Bruce Conner, Sound of Two Hand Angel


Jessie Ware - "You & I (Forever)". One of the common tricks to pop songwriting is to write verses with specific, sited details, and then, in the chorus, to go big and universal. With "You & I (Forever)", Ware deploys an inverse strategy: the chorus contains the song's only specific reference, a line about going to tea. It's a subtle move but something in it, what she says and how it lands - it gets me verklemmt. I am, like most living humans, a sucker for the happy-sad; and although I'm skeptical toward this song's hamfisted interpolation of The xx, I love the shearing lap of the production, the buried drone, and that plaintive loon-call of a sample. Mostly I love that line, about tea, what she says and how it lands. I'm listening to a pleasant, melancholy pop song and then she sings she Only wanted tea with you, and I find myself in particular memories, or imagined memories, a hapless heart in a certain place & time. [from Tough Love - buy]
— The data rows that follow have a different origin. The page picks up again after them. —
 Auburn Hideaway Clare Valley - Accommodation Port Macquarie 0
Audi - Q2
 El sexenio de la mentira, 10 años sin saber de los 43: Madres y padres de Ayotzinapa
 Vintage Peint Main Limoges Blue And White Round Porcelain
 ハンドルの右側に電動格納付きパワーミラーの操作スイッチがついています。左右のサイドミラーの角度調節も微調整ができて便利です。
Jessie Ware - "12". You can dial back a song: you can dial back a song to make it less of a song, a sketch not a drawing. "12" is full of line and colour, crosshatching, but it is sparer than most of what Ware's now up to. It is a place where the sun is slowly rising, slow as ever, half-formed shapes slowly lit up and warmed. ["12" is a Tough Love B-side.]
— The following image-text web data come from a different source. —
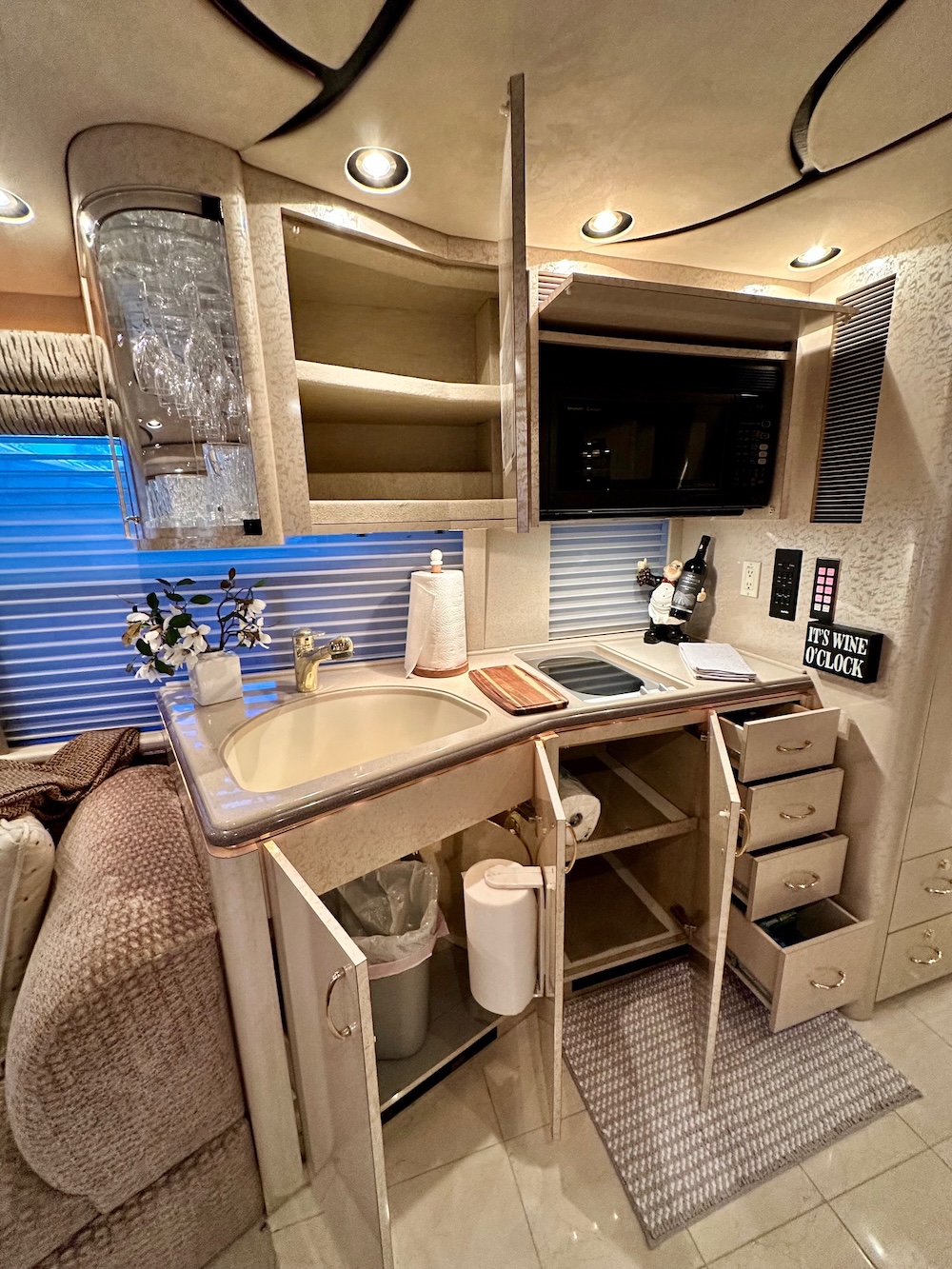2001 Prevost Marathon H3-45 For Sale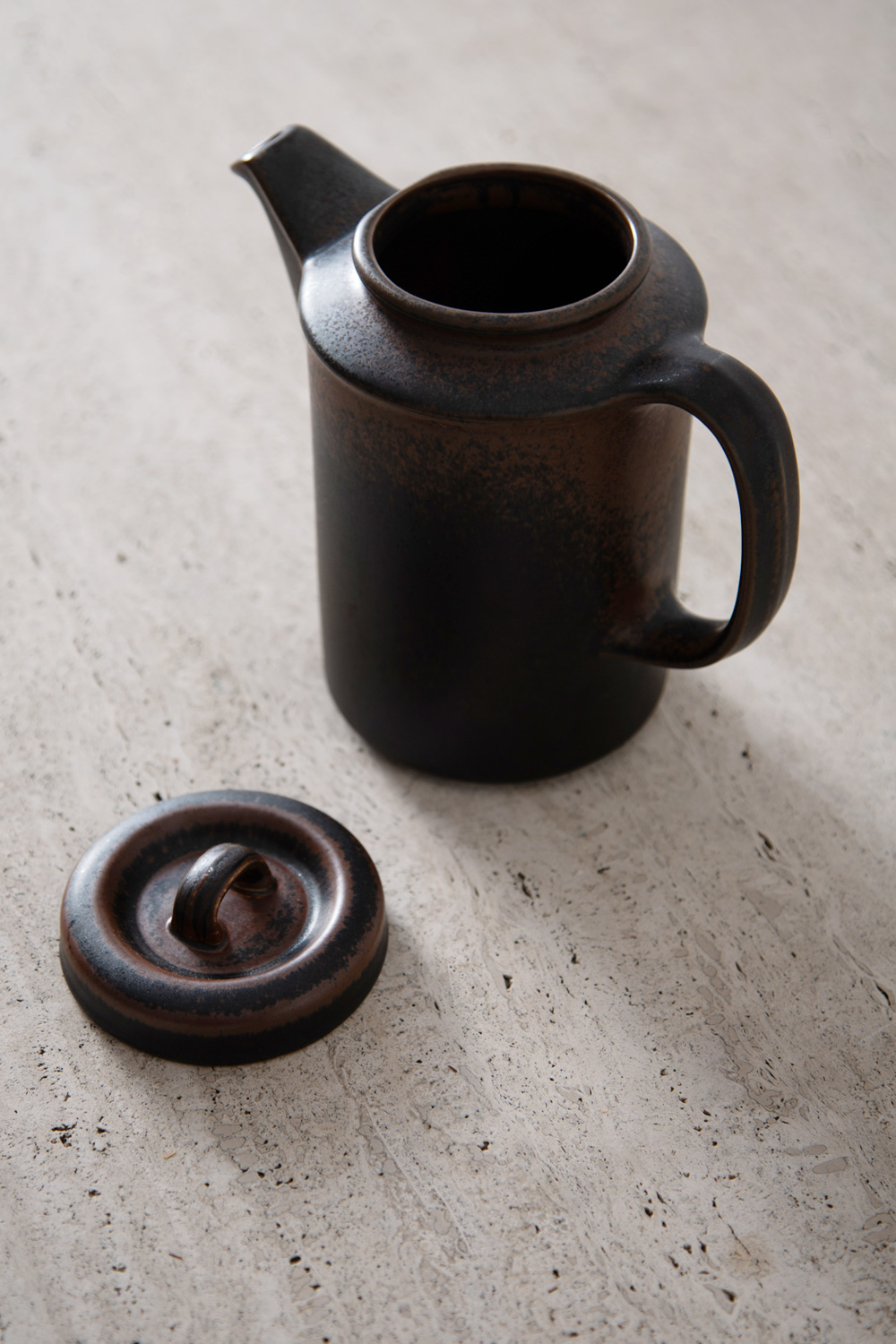 Coffee Pot “Ruska” for ARABIA by Ulla Procope
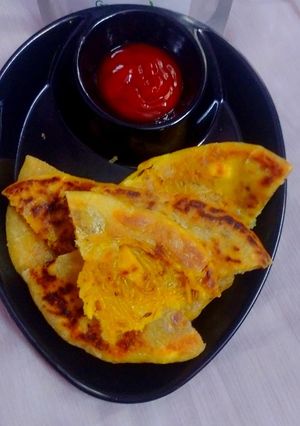 আচারী রাইস পরোটা (achaari rice paratha recipe in Bengali) রেসিপির প্রধান ছবি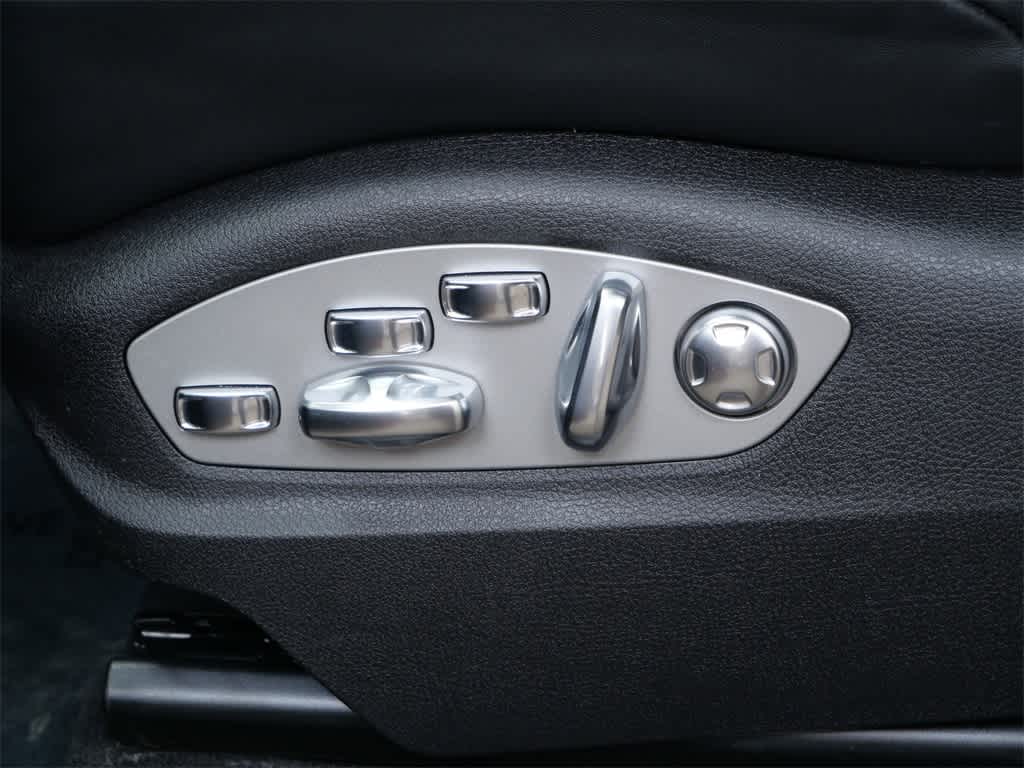 Thumbnail: 2025 Porsche Macan - 12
(image is Bruce Conner's "Sound of Two Hand Angel", from 1974)

by Sean


Caribou - "Silver". The silken reset was invented by a hacker in Yemen. The date isn't clear. One month the resets were as they had always been: crisp, jarring; the next month, some of them were silken. A silken reset on your favourite website, a silken reset on your nearest traffic light. Soon, joked the TV presenters, a silken reset on your life.. It was fall, and it was easy to imagine that this could soon be true. Everything crisply divided might soon be softly changing. One thing might become another thing without a tremor or a snap. We walked around our neighbourhoods slipping hands into pockets, hands into pockets, imagining that our futures could be reset, silkenly, with just as little force. [buy Caribou's sumptuous Our Love]

(image source)

by Sean
Anatomy Lesson, by Patrick Henne


James Irwin - "Face Value". When yr heart's so crowded; crowded with reflections and every reflection still separate, distinct. Minutes in an hour, faces in a crowd, motives like fish in deep currents. Whenever I am standing,, you think, standing at the bar, I am teetering. A tower on the verge of falling, all its rooms filled with scholars. A woman puts on a record, a shiny black piece of vinyl; you listen to it, teetering. Whole schools in yr heart, a hundred mirrors. The guide of a rhythm: a beat you can dance to, for a sec, making yr teetering seem graceful. A drumroll that tumbles like a falling moon. Guitars that ring like starlight. Synths all blurring, rain poured onto everything. And a voice, thank god for that voice, a guide through the empty night. Someone to murmur, like an arm around your chest, I am not becoming you / I am not becoming me. [website / soundcloud / previously / James Irwin is currently unsigned]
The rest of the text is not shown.